What makes this discovery particularly appealing is that the details are beyond typical coverage: materials operate in a system physicist calls “BCS-BEC crossover”. This represents a boundary region where superconductivity changes from loosely bound Cooper pairs (BCS theory) to tightly bound pairs that behave more like quantum fluids (BEC or Bose-Einstein Condensate).

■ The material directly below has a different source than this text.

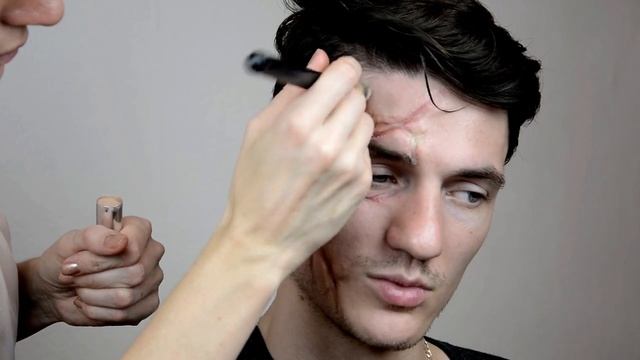 Как сделать гримом шрам.Видео урок.FX makeup artist смотреть онлайн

1.4 Tesla’s high critical magnetic field indicates that these electron pairs are abnormally robust, indicating strongly coupled superconducting bridging fundamental quantum mechanical states. This cross-behavior can unlock new physics that are not suitable for conventional superconductors.

Effect on quantum computing

The discovery has a profound impact on quantum technology. Chiral superconductors are candidates to host major fermions, and these particles can revolutionize quantum computing by making them more tolerant.

“This is a kind,” Han noted. “It is also a candidate for topological superconductors that can enable robust quantum computing.”

Current quantum computers are fragile and lose information when disturbed by environmental noise. If Majorana fermions are present in this material, quantum information can be stored in a way that naturally protects such interference.

“There is really noteworthy for this exotic chiral superconductor,” added Liang Fu, a professor of physics at MIT. The team observed the same behavior in six different samples, confirming the reproducibility of the phenomenon.

Can the next breakthrough in quantum computing come from something as mundane as pencil lead? The discovery of the MIT team suggests that extraordinary physics may be hidden in the most common materials, waiting for the right conditions to reveal itself.